__TASK__. Would you copy out the following entries exactly, without any of the pictures?

**** ENTRIES PROVIDED

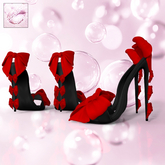 Black Red Bow Heels Legacy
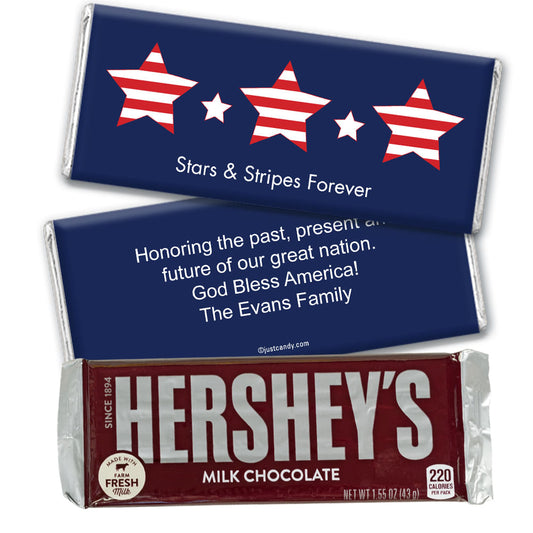 Personalized Patriotic Themed Hershey's Milk Chocolate Bar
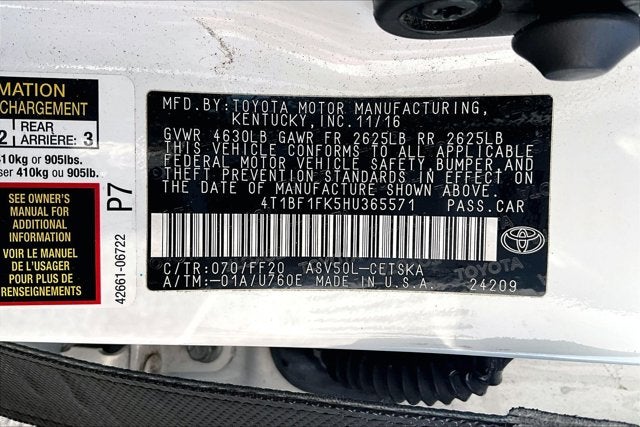 2017 Toyota Camry Base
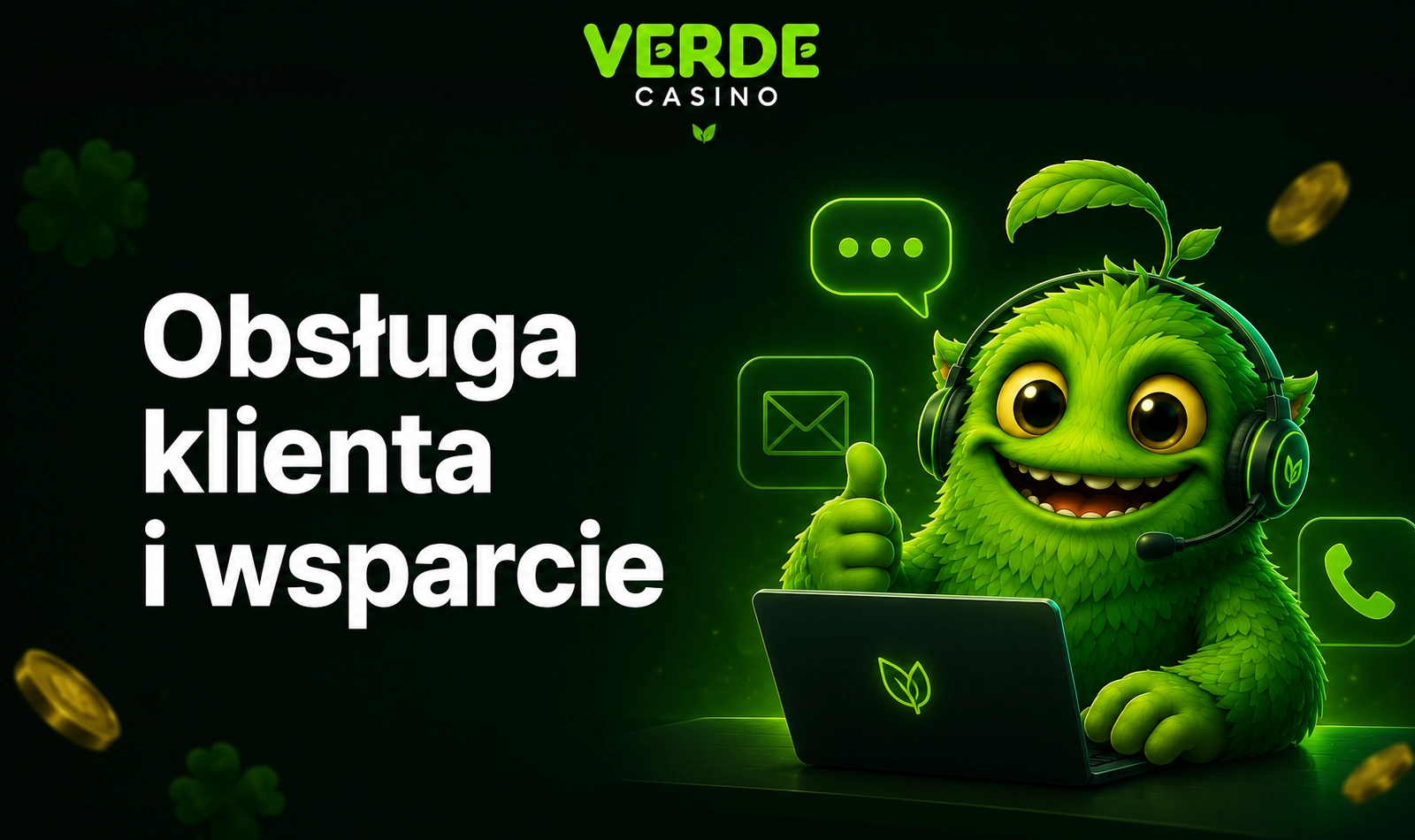 Obsługa klienta Verde Casino i dostępne formy wsparcia
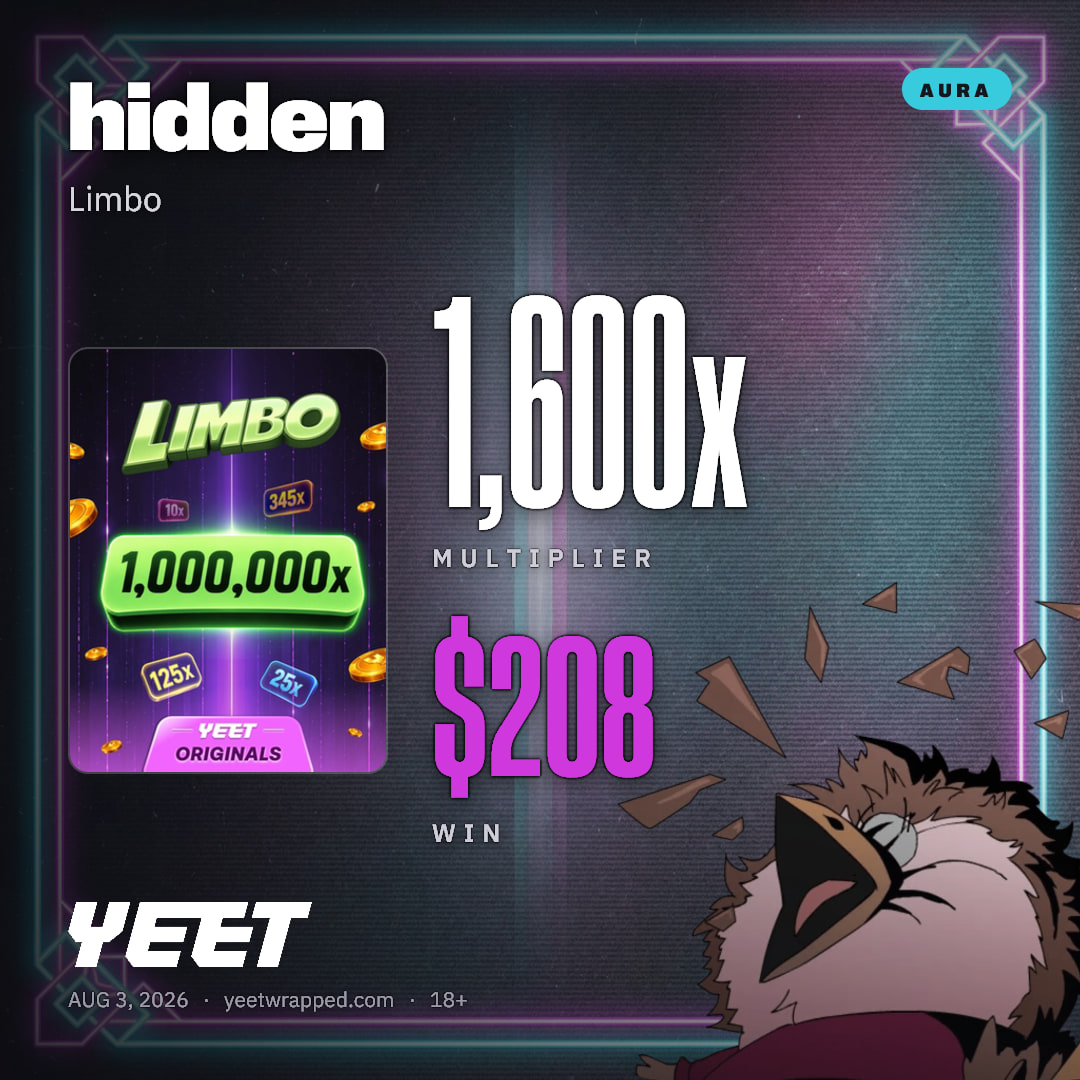 hidden hit 1,600x on Limbo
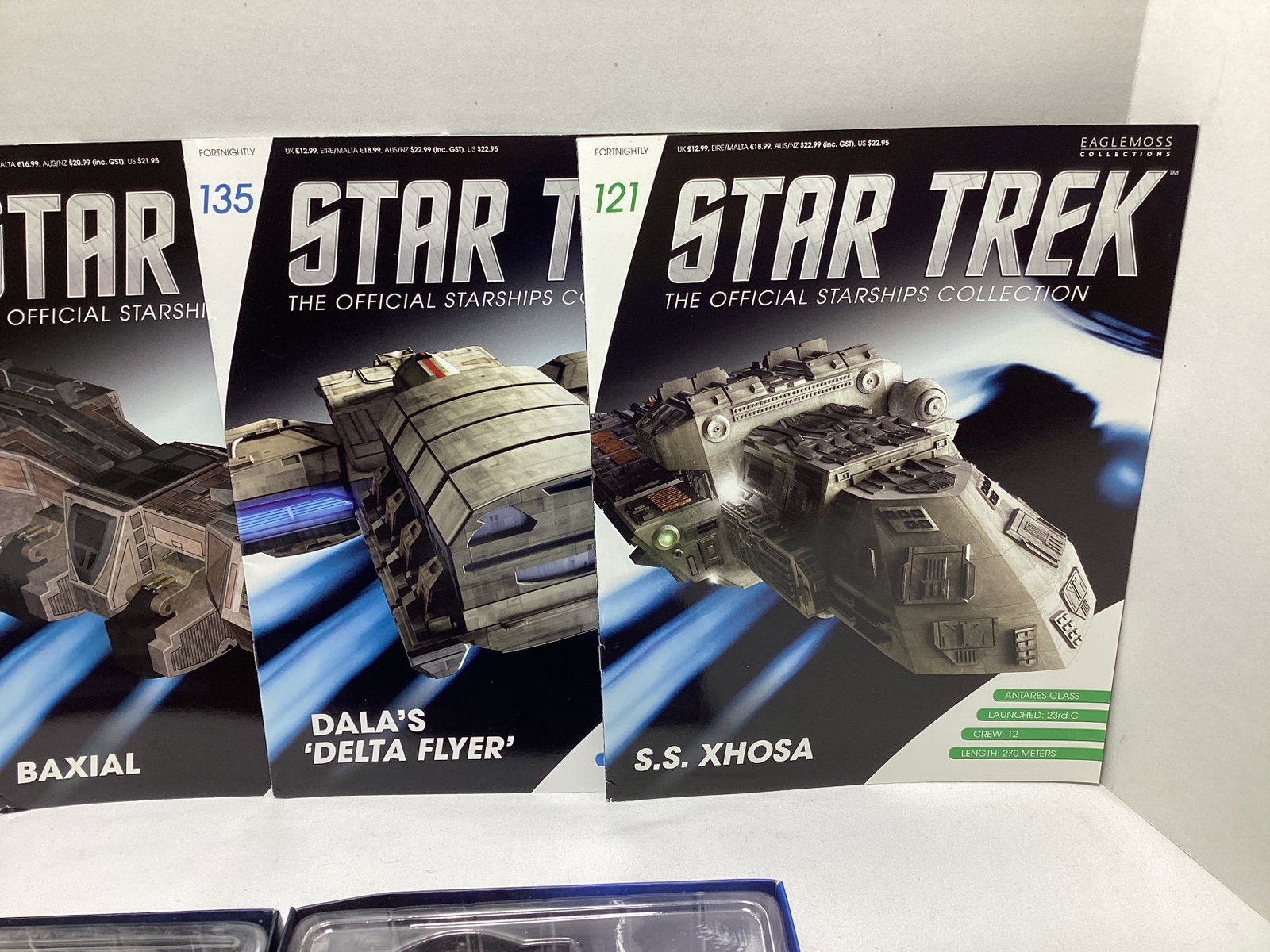 Four Eaglemoss Star Trek Diecast Starships with Magazines - 2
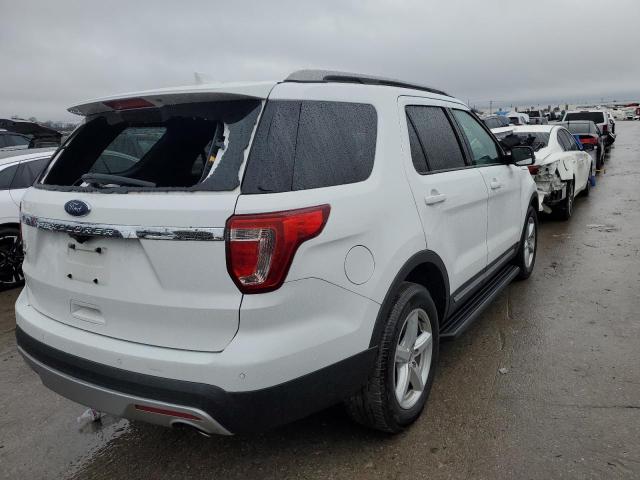 1FM5K7D84HGA54599 - 2017 FORD EXPLORER XLT WHITE photo 3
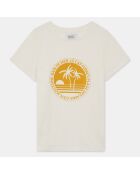 T-Shirt en Coton organique Vintage Appo écru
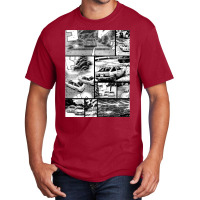 Initial D  Racing - Manga Wall Design (version 2) Basic T-shirt | Artistshot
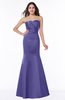 ColsBM Sara Royal Purple Simple Strapless Zip up Floor Length Sash Bridesmaid Dresses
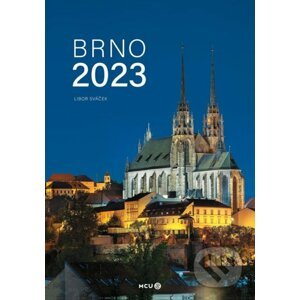 Kalendář 2023 Brno - nástěnný - Libor Sváček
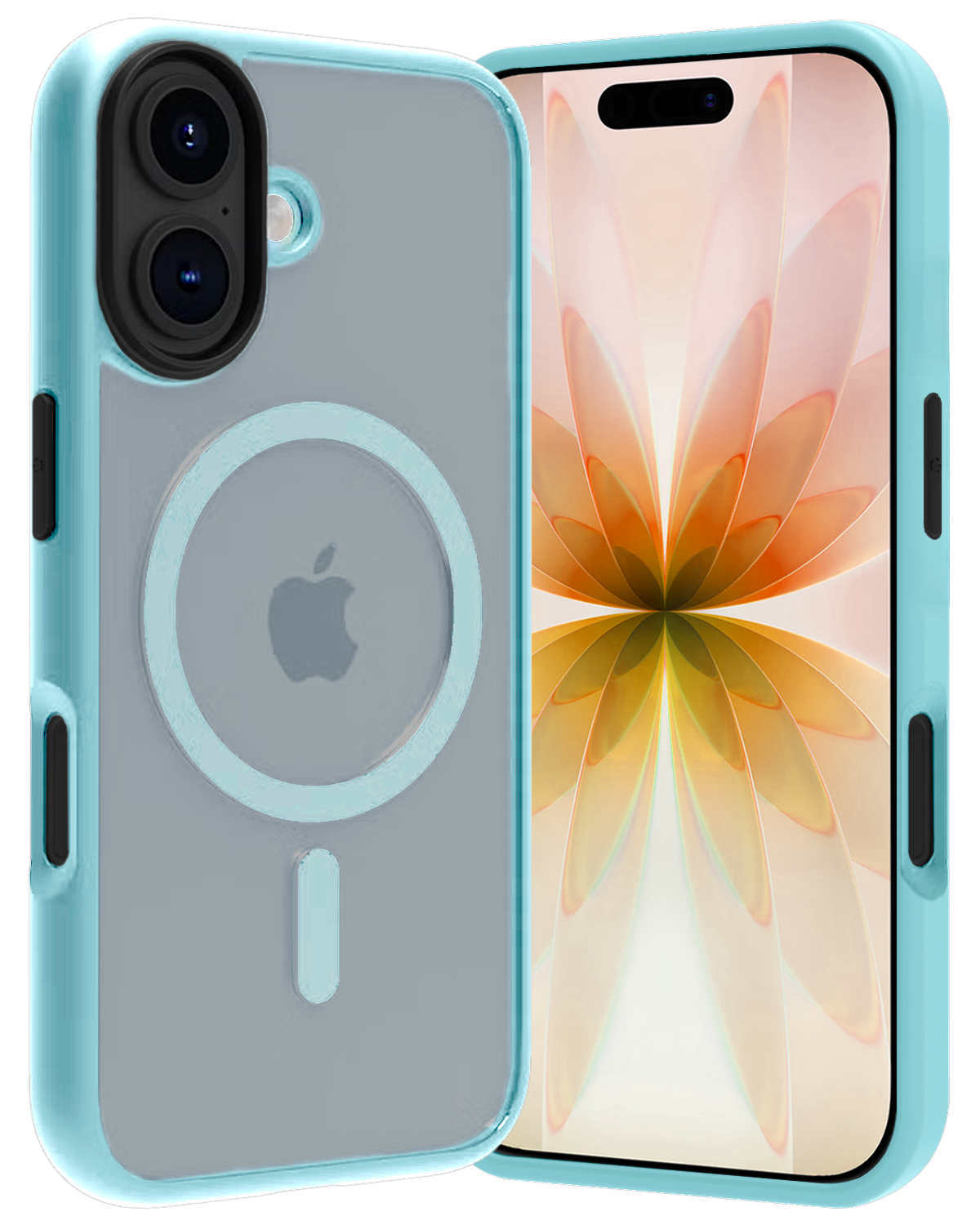 Nomfy Nomfy iPhone 17 Magsafe Hoesje - Lichtblauw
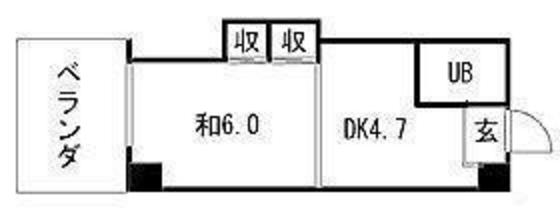 広島市西区南観音町のマンションの間取り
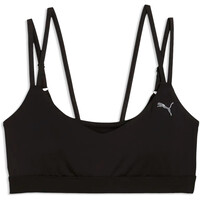 Puma sujetadores deportivos PUMA Shape Bra - Low vista frontal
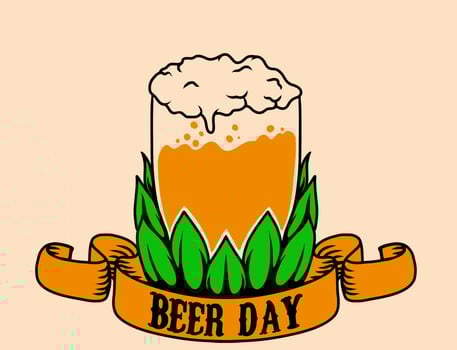 Banner beer day vector art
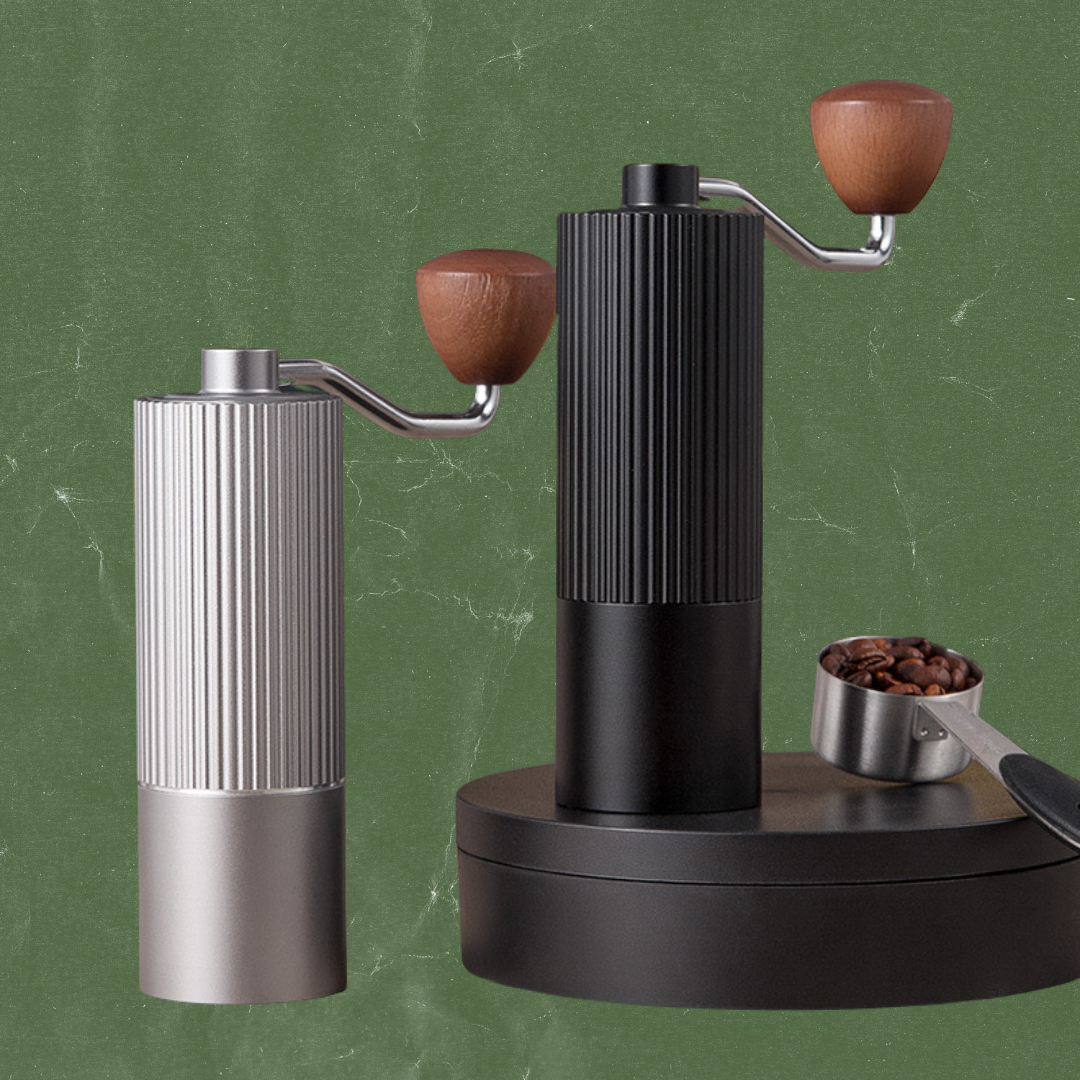 Premium Hand Coffee Grinder (Gunmetal Gray – 7-Core Version)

********

__TASK ANSWER__.
 Black Red Bow Heels Legacy
 Personalized Patriotic Themed Hershey's Milk Chocolate Bar
 2017 Toyota Camry Base
 Obsługa klienta Verde Casino i dostępne formy wsparcia
 hidden hit 1,600x on Limbo
 Four Eaglemoss Star Trek Diecast Starships with Magazines - 2
 1FM5K7D84HGA54599 - 2017 FORD EXPLORER XLT WHITE photo 3
 T-Shirt en Coton organique Vintage Appo écru
 Initial D  Racing - Manga Wall Design (version 2) Basic T-shirt | Artistshot
 ColsBM Sara Royal Purple Simple Strapless Zip up Floor Length Sash Bridesmaid Dresses
 Kalendář 2023 Brno - nástěnný - Libor Sváček
 Nomfy Nomfy iPhone 17 Magsafe Hoesje - Lichtblauw
 広島市西区南観音町のマンションの間取り
 Puma sujetadores deportivos PUMA Shape Bra - Low vista frontal
 Banner beer day vector art
 Premium Hand Coffee Grinder (Gunmetal Gray – 7-Core Version)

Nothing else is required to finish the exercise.